Work task: The records below are to be repeated exactly, and their pictures left out.

==============================

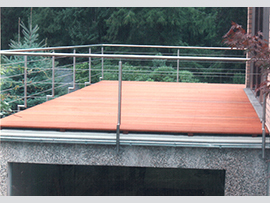 Terrassen-Geländer aus Edelstahl mit Stahlseilen.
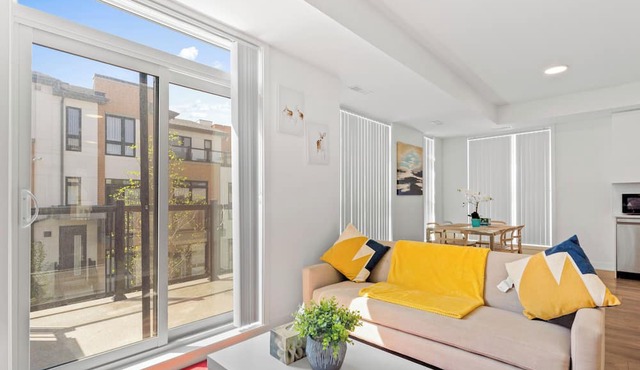 Toronto Luxe - 3BR, 3WR Modern and Cozy House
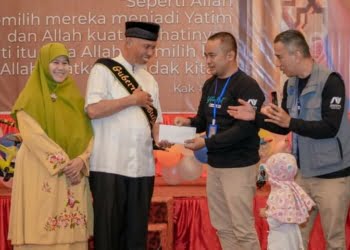 Buka Kegiatan Yatim Fest 2023, Gubernur Mahyeldi Beserta Istri Dinobatkan Sebagai Orang Tua Anak Yatim Sumbar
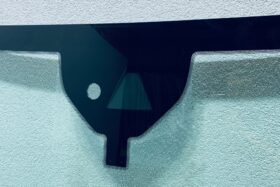 Предно стъкло FORD KUGA III 2020- АКУСТИКА+КАМЕРА + СЕНЗОР+ОТОПЛЕНИЕ+ОЕ-2 на ниска цена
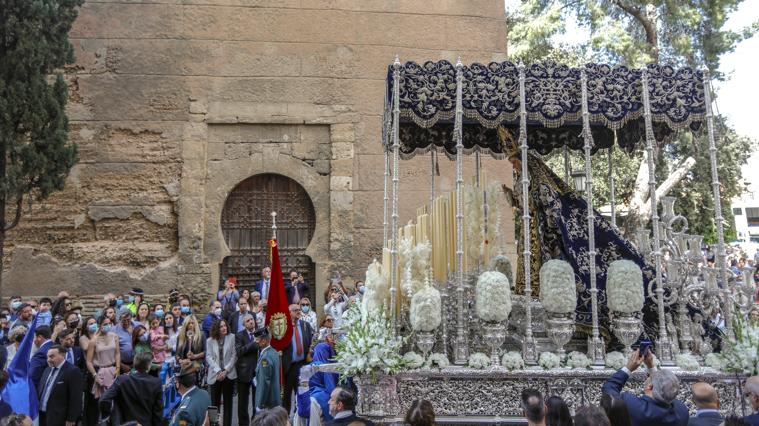 El palio de la Virgen de la Hiniesta a su paso por la Puerta de Córdoba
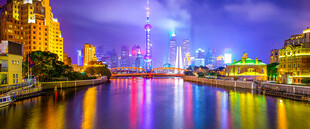城市河畔璀璨夜景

==============================

Task response:
 Terrassen-Geländer aus Edelstahl mit Stahlseilen.
 Toronto Luxe - 3BR, 3WR Modern and Cozy House
 Buka Kegiatan Yatim Fest 2023, Gubernur Mahyeldi Beserta Istri Dinobatkan Sebagai Orang Tua Anak Yatim Sumbar
 Предно стъкло FORD KUGA III 2020- АКУСТИКА+КАМЕРА + СЕНЗОР+ОТОПЛЕНИЕ+ОЕ-2 на ниска цена
 El palio de la Virgen de la Hiniesta a su paso por la Puerta de Córdoba
城市河畔璀璨夜景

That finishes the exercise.